Extracted data ::
-*-*-
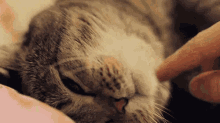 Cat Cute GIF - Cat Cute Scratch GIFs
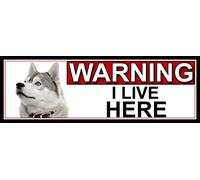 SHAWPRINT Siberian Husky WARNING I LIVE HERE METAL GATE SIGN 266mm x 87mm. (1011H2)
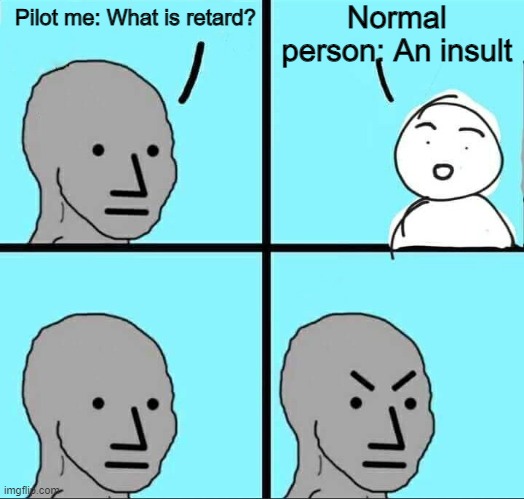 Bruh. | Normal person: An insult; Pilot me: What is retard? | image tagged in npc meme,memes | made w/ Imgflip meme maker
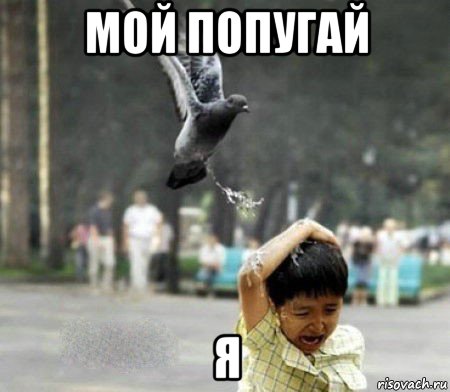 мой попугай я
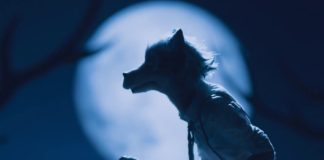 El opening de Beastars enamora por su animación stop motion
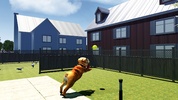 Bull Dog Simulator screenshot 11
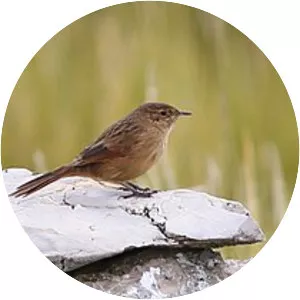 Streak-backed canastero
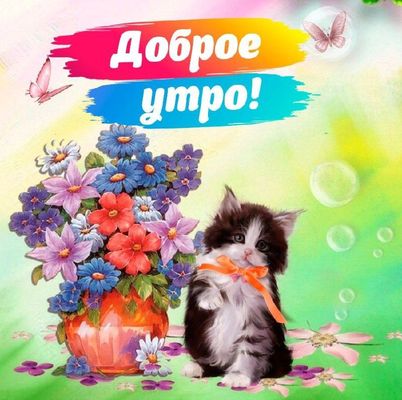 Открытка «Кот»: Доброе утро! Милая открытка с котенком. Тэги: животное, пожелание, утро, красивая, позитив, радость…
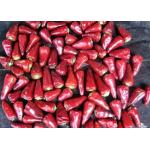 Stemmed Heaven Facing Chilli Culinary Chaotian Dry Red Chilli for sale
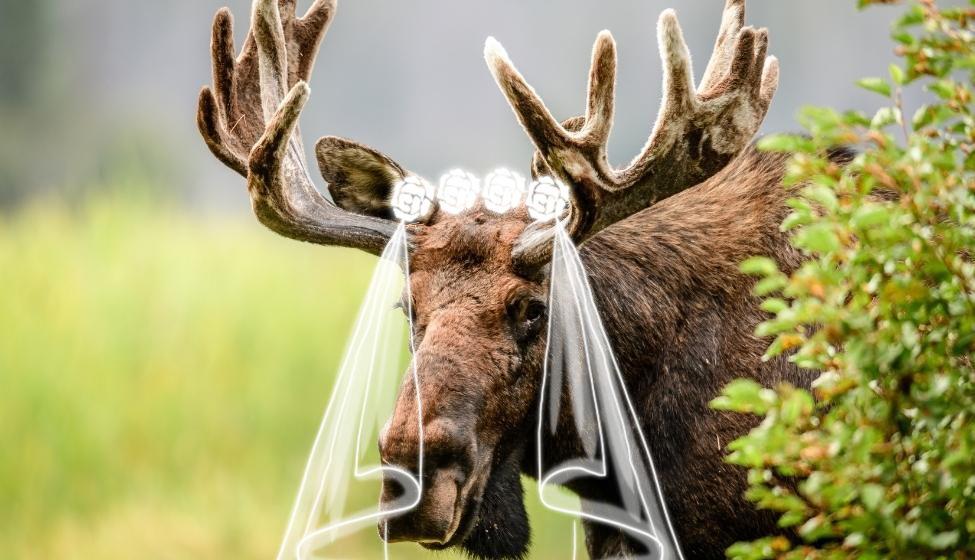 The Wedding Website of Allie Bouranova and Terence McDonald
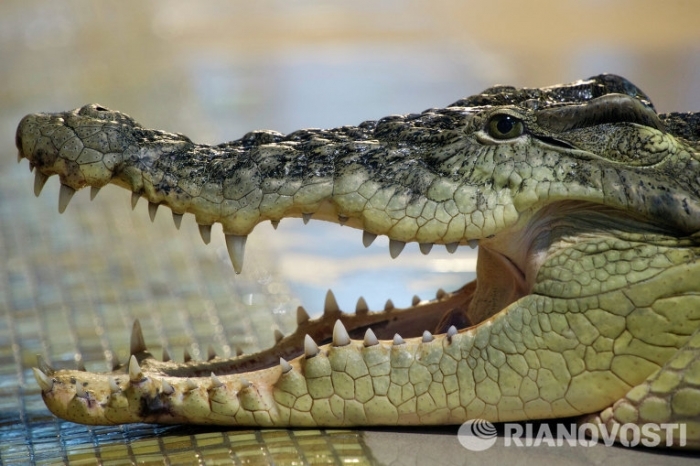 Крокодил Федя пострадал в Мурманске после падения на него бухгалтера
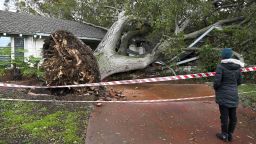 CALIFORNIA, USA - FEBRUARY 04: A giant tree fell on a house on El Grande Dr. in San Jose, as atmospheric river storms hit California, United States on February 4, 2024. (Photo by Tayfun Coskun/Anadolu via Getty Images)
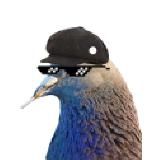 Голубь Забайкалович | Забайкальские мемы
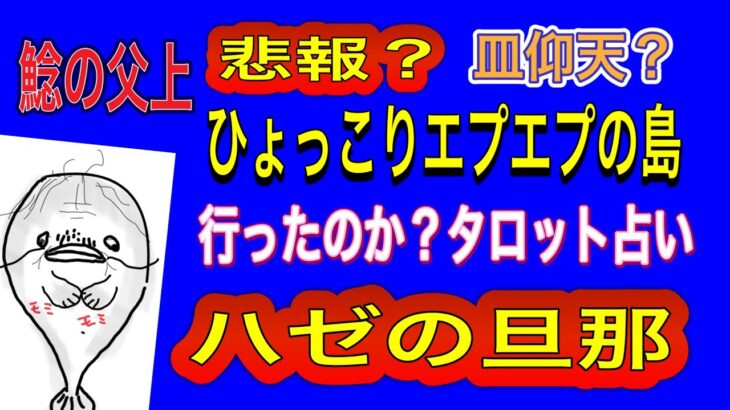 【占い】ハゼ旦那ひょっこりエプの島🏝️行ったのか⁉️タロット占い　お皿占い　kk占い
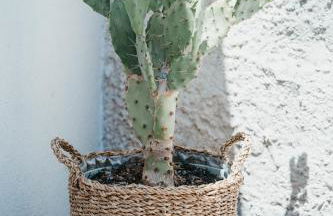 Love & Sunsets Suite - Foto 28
-*-*-
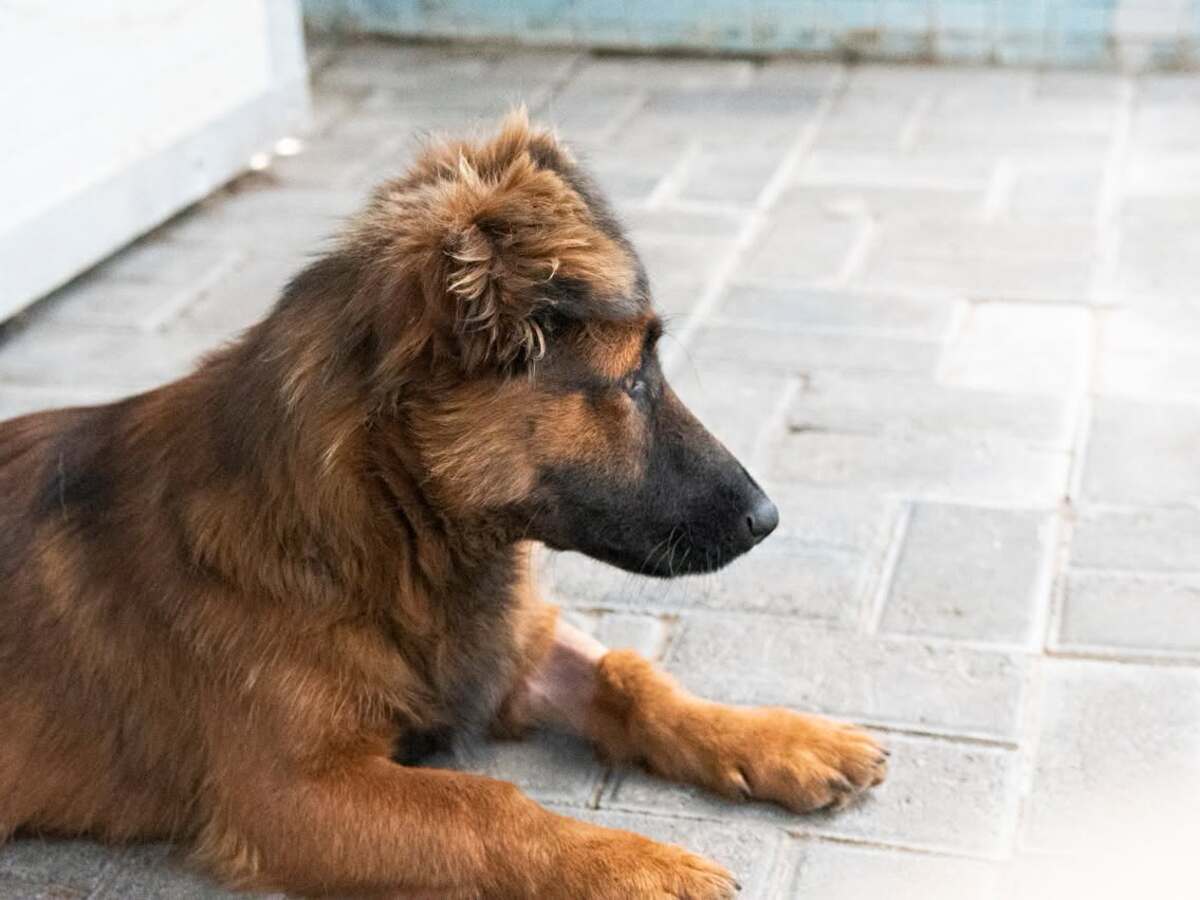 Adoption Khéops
-*-*-
Activity ::
Would you copy out, exactly and with no pictures, only the lines above from the one that contains "Cat Cute GIF - Cat Cute Scratch GIFs" through the one that contains "Love & Sunsets Suite - Foto 28"?

Response area ::
 Cat Cute GIF - Cat Cute Scratch GIFs
 SHAWPRINT Siberian Husky WARNING I LIVE HERE METAL GATE SIGN 266mm x 87mm. (1011H2)
 Bruh. | Normal person: An insult; Pilot me: What is retard? | image tagged in npc meme,memes | made w/ Imgflip meme maker
 мой попугай я
 El opening de Beastars enamora por su animación stop motion
 Bull Dog Simulator screenshot 11
 Streak-backed canastero
 Открытка «Кот»: Доброе утро! Милая открытка с котенком. Тэги: животное, пожелание, утро, красивая, позитив, радость…
 Stemmed Heaven Facing Chilli Culinary Chaotian Dry Red Chilli for sale
 The Wedding Website of Allie Bouranova and Terence McDonald
 Крокодил Федя пострадал в Мурманске после падения на него бухгалтера
 CALIFORNIA, USA - FEBRUARY 04: A giant tree fell on a house on El Grande Dr. in San Jose, as atmospheric river storms hit California, United States on February 4, 2024. (Photo by Tayfun Coskun/Anadolu via Getty Images)
 Голубь Забайкалович | Забайкальские мемы
 【占い】ハゼ旦那ひょっこりエプの島🏝️行ったのか⁉️タロット占い　お皿占い　kk占い
 Love & Sunsets Suite - Foto 28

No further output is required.